• Required work:
When the string "have" appears in a line of the records, show the whole line.

• Exercise inputs:
· · ·
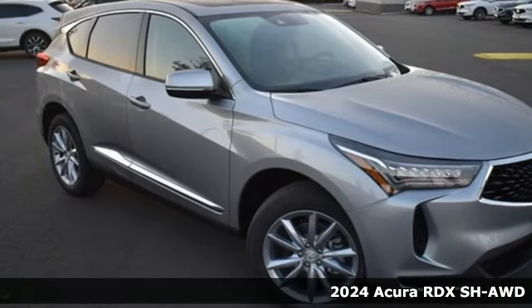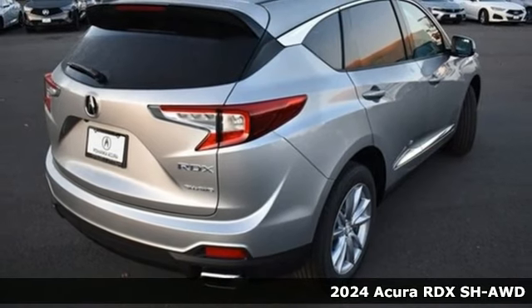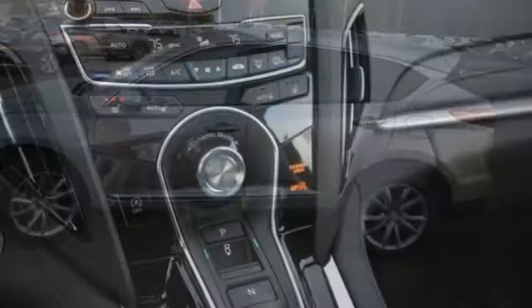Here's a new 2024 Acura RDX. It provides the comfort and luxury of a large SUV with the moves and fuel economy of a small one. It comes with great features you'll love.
· · ·
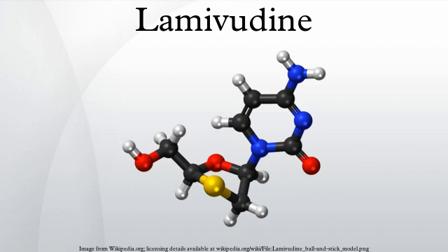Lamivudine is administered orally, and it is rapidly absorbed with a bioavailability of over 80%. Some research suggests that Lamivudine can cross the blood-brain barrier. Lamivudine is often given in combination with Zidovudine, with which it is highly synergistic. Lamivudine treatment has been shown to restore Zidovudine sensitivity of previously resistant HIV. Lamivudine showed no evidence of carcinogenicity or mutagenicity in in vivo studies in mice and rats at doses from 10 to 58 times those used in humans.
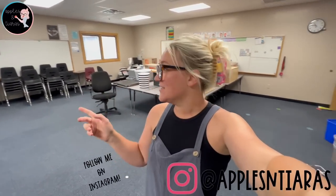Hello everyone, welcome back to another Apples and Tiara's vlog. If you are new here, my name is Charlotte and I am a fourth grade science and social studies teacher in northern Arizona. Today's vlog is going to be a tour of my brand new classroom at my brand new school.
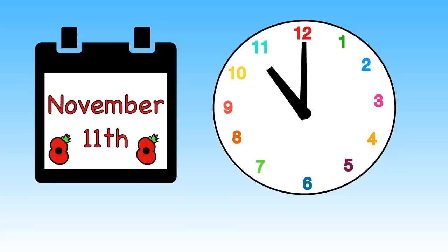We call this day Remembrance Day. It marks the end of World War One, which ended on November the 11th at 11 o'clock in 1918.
· · ·
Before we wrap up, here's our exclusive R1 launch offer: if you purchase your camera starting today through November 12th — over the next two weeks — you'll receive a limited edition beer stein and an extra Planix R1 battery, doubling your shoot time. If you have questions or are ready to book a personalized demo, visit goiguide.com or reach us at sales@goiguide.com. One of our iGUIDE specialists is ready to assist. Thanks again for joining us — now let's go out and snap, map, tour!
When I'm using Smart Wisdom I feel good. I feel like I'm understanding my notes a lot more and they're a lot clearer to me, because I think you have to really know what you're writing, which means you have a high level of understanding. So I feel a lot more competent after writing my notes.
· · ·
• Exercise response:
Before we wrap up, here's our exclusive R1 launch offer: if you purchase your camera starting today through November 12th — over the next two weeks — you'll receive a limited edition beer stein and an extra Planix R1 battery, doubling your shoot time. If you have questions or are ready to book a personalized demo, visit goiguide.com or reach us at sales@goiguide.com. One of our iGUIDE specialists is ready to assist. Thanks again for joining us — now let's go out and snap, map, tour!
When I'm using Smart Wisdom I feel good. I feel like I'm understanding my notes a lot more and they're a lot clearer to me, because I think you have to really know what you're writing, which means you have a high level of understanding. So I feel a lot more competent after writing my notes.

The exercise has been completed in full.